RECORDS FOR THE TASK:
——————————
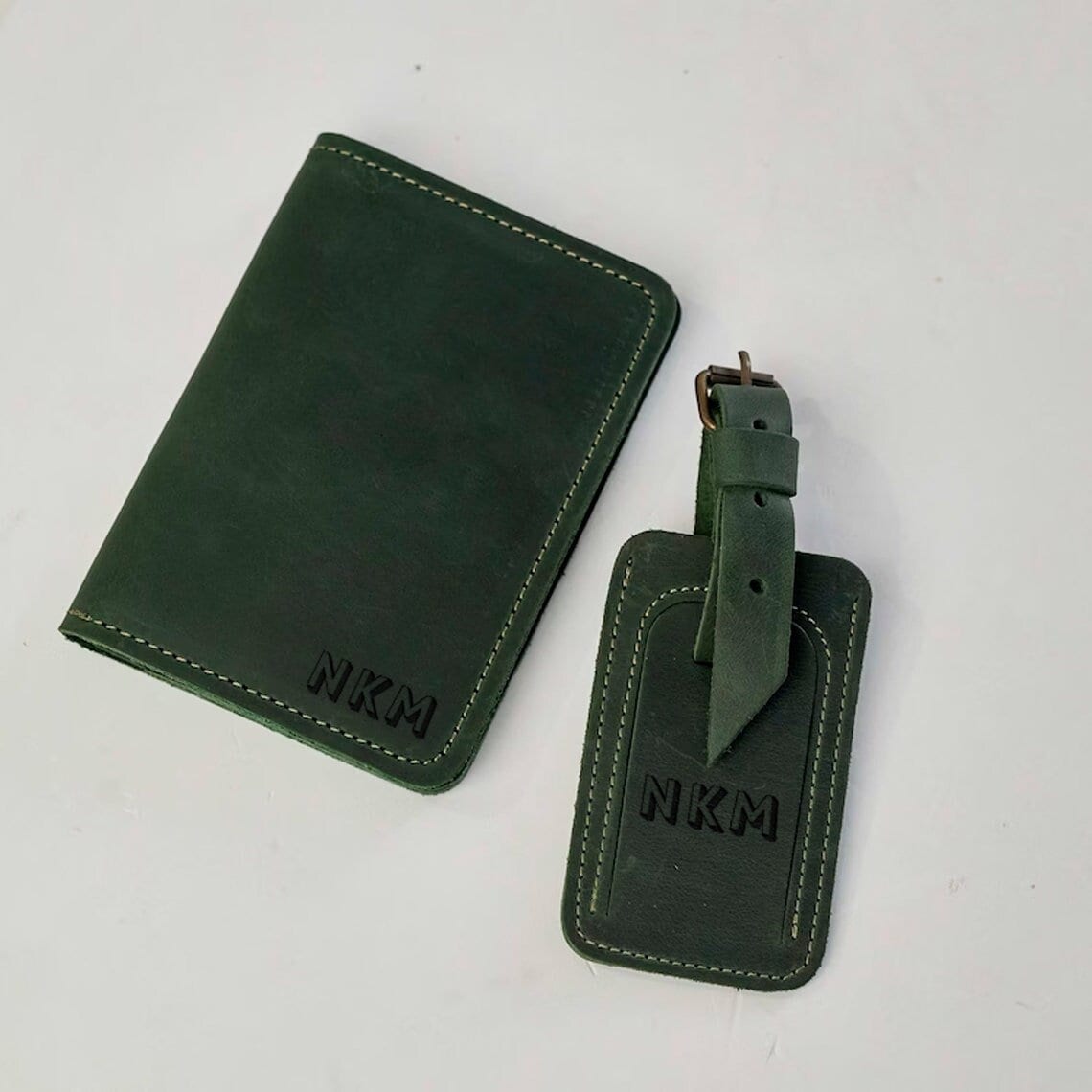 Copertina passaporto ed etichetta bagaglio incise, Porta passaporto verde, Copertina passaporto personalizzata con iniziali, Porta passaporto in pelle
——————————
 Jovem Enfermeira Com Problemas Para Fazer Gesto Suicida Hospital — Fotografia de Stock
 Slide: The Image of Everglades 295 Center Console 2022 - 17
——————————
PROMPT: Give again, word for word, every line of the listing above from the one with "Jovem Enfermeira Com" to the one with "Slide: The Image", both inclusive, and nothing beyond them.

TASK RESPONSE:
 Jovem Enfermeira Com Problemas Para Fazer Gesto Suicida Hospital — Fotografia de Stock
 Slide: The Image of Everglades 295 Center Console 2022 - 17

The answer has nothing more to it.